In a lot of things, more is better. With jewelry diamonds, whose sparkle is an important factor, a higher number of facets would seem best when picking a stone. However, that alone does not suffice to maximize fire, brilliance, and scintillation, which form the gist of a diamond’s appeal. Experts agree that it is the symmetry and proportion of the facets that have a greater bearing on these qualities. This shines a distinctive light on the importance of the pavilion and crown facets.
What are Diamond Facets?
A facet is one of the many flat surfaces on the outside of the diamond. A brilliant cut stone would have 57 of these, with the crown taking up 33, and the pavilion 24. Some round brilliants have 58 facets including the culet. The arrangement of these facets takes into account the intended light entry and exit.

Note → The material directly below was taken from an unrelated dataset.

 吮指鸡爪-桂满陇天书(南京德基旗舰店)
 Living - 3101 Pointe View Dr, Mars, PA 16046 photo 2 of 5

The crown essentially makes up the windows and frames in a stone. It is there to let in as much light as possible. The window helps light enter, and disperses it into colored parts. The frames comprise the sharp intersections and lines which divide the surface into facets. These have nothing to do with light absorption; instead, they impact the scintillation and sparkle.
This part of the diamond is much simpler than the crown when you consider function. Instead of helping light enter the diamond the way the crown does, the pavilion assists in sending the incident light back to the observer’s eye.
In short, stepping up the number of facets in a diamond does not guarantee more sparkle. All it brings is more reflections because you have technically increased the number of windows inside the given space. This can make each window smaller and add more frames, which would in fact reduce the light entering the stone and make it look darker.
To ensure a diamond achieves its full potential, it needs to be carefully cut by a skilled diamond cutter. By giving the stone perfect symmetry and proportion, it can be made to look brighter than otherwise. A relatively shallow cut would cause light leakage through the bottom, while a deeper cut would spill light at the sides. Finding a balance between these two is essential, which is why it is important to make sure the stone you pick was handled by a master craftsman.